■ What the task requires
Stop after the line with "Lote en arriendo"; until then, please copy every line of the records word for word from the first.

■ Provided information
■ ■ ■ ■

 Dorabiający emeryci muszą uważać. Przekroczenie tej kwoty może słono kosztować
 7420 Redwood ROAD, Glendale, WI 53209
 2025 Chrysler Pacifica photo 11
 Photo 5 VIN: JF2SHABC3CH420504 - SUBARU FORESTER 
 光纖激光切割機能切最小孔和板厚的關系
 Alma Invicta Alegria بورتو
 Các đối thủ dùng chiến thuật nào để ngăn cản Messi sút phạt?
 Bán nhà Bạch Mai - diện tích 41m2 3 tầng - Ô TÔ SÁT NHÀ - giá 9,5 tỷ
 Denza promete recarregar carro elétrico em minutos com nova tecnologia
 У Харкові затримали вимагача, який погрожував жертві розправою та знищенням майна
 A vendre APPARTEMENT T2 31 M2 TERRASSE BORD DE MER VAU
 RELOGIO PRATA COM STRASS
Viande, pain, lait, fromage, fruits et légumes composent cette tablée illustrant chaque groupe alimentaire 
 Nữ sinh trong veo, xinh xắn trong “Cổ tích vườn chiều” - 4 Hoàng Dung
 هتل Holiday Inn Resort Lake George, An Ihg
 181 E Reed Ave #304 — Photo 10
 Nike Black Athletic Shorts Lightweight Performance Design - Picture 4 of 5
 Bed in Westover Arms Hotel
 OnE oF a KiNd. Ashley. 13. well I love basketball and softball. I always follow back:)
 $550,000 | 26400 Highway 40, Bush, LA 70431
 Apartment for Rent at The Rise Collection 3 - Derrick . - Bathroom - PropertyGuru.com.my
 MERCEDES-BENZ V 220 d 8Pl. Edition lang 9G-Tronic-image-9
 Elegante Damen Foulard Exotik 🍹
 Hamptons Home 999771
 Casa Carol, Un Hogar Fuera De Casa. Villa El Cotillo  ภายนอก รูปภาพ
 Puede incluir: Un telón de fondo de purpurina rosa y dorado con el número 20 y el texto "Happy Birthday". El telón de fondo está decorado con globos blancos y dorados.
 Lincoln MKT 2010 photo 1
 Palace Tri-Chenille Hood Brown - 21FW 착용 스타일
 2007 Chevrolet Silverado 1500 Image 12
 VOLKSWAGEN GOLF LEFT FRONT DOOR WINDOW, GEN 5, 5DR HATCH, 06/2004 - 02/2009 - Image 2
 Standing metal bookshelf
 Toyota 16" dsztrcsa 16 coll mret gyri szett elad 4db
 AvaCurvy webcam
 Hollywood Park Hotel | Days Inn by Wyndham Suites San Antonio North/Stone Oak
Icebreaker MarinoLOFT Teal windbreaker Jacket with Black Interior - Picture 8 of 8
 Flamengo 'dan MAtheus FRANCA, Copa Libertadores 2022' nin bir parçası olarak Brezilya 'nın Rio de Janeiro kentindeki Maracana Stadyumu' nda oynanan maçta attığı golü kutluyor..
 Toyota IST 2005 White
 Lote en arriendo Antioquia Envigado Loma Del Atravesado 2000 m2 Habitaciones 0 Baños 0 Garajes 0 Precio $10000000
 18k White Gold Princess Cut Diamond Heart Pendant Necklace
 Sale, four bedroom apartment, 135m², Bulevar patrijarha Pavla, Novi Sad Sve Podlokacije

■ ■ ■ ■

■ Written response
 Dorabiający emeryci muszą uważać. Przekroczenie tej kwoty może słono kosztować
 7420 Redwood ROAD, Glendale, WI 53209
 2025 Chrysler Pacifica photo 11
 Photo 5 VIN: JF2SHABC3CH420504 - SUBARU FORESTER 
 光纖激光切割機能切最小孔和板厚的關系
 Alma Invicta Alegria بورتو
 Các đối thủ dùng chiến thuật nào để ngăn cản Messi sút phạt?
 Bán nhà Bạch Mai - diện tích 41m2 3 tầng - Ô TÔ SÁT NHÀ - giá 9,5 tỷ
 Denza promete recarregar carro elétrico em minutos com nova tecnologia
 У Харкові затримали вимагача, який погрожував жертві розправою та знищенням майна
 A vendre APPARTEMENT T2 31 M2 TERRASSE BORD DE MER VAU
 RELOGIO PRATA COM STRASS
Viande, pain, lait, fromage, fruits et légumes composent cette tablée illustrant chaque groupe alimentaire 
 Nữ sinh trong veo, xinh xắn trong “Cổ tích vườn chiều” - 4 Hoàng Dung
 هتل Holiday Inn Resort Lake George, An Ihg
 181 E Reed Ave #304 — Photo 10
 Nike Black Athletic Shorts Lightweight Performance Design - Picture 4 of 5
 Bed in Westover Arms Hotel
 OnE oF a KiNd. Ashley. 13. well I love basketball and softball. I always follow back:)
 $550,000 | 26400 Highway 40, Bush, LA 70431
 Apartment for Rent at The Rise Collection 3 - Derrick . - Bathroom - PropertyGuru.com.my
 MERCEDES-BENZ V 220 d 8Pl. Edition lang 9G-Tronic-image-9
 Elegante Damen Foulard Exotik 🍹
 Hamptons Home 999771
 Casa Carol, Un Hogar Fuera De Casa. Villa El Cotillo  ภายนอก รูปภาพ
 Puede incluir: Un telón de fondo de purpurina rosa y dorado con el número 20 y el texto "Happy Birthday". El telón de fondo está decorado con globos blancos y dorados.
 Lincoln MKT 2010 photo 1
 Palace Tri-Chenille Hood Brown - 21FW 착용 스타일
 2007 Chevrolet Silverado 1500 Image 12
 VOLKSWAGEN GOLF LEFT FRONT DOOR WINDOW, GEN 5, 5DR HATCH, 06/2004 - 02/2009 - Image 2
 Standing metal bookshelf
 Toyota 16" dsztrcsa 16 coll mret gyri szett elad 4db
 AvaCurvy webcam
 Hollywood Park Hotel | Days Inn by Wyndham Suites San Antonio North/Stone Oak
Icebreaker MarinoLOFT Teal windbreaker Jacket with Black Interior - Picture 8 of 8
 Flamengo 'dan MAtheus FRANCA, Copa Libertadores 2022' nin bir parçası olarak Brezilya 'nın Rio de Janeiro kentindeki Maracana Stadyumu' nda oynanan maçta attığı golü kutluyor..
 Toyota IST 2005 White
 Lote en arriendo Antioquia Envigado Loma Del Atravesado 2000 m2 Habitaciones 0 Baños 0 Garajes 0 Precio $10000000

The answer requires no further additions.